IN RE IPR LICENSING, INC.
- Nov 22 2019 |
- Category: CAFC Updates
This case returns to the CAFC after remand to the Patent Trial and Appeal Board (“the Board”). In a previous appeal, the CAFC affirmed the Board’s findings that certain claims of IPR Licensing’s U.S. Patent 8,380,244 (relating to a “subscriber unit,” e.g., a mobile device, that can automatically select the best available wireless network and then connect to it) were obvious based on prior art references cited in ZTE’s petition, but remanded as to claim 8 because the CAFC found insufficient record support for the Board’s determination that claim 8 is invalid as obvious. On remand, the Board again found claim 8 unpatentable.
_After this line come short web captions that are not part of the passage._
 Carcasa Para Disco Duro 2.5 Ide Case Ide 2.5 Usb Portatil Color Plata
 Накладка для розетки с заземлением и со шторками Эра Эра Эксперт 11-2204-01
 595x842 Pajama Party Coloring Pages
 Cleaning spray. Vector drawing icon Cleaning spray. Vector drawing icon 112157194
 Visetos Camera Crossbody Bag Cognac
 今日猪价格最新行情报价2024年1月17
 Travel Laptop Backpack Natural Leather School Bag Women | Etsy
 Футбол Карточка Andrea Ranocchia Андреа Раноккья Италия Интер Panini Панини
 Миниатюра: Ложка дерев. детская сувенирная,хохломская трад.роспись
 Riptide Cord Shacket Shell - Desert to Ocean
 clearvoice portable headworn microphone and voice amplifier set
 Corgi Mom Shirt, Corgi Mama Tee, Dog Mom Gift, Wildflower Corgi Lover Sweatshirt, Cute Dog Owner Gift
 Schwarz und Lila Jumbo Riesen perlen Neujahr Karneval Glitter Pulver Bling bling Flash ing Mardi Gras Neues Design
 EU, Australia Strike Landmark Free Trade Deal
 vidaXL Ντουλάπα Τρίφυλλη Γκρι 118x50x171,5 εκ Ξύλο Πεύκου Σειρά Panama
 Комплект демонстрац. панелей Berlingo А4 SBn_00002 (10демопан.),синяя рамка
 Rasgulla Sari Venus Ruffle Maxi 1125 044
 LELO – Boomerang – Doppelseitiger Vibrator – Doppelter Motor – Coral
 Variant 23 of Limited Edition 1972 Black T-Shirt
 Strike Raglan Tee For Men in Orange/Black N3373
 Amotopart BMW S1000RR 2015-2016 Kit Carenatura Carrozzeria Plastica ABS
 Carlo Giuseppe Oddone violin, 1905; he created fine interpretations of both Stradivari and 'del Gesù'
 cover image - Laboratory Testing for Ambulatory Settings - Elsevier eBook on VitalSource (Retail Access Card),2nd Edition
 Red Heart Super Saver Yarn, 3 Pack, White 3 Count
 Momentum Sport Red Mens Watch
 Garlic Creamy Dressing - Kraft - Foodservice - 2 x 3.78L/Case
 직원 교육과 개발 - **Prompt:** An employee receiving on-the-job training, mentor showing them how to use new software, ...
In this appeal, Appellant IPR Licensing argues that the only additional evidence the Board cited in support of its conclusion on remand was not part of the record before the Board, because it was not mentioned in the only ground on which the Board instituted review. The CAFC agrees, noting that the Board cannot rely on evidence relating solely to grounds on which it never instituted the IPR, because to hold otherwise would allow the Board’s final written decision to rest on arguments that a patent owner has no ability to rebut or anticipate. Finding that the Board’s decision to rely on the Draft Universal Mobile Telecommunications System Standards (“UMTS”) to fill the gap in its evidentiary finding was erroneous, the CAFC reverses the Board’s finding of invalidity and vacates that judgment.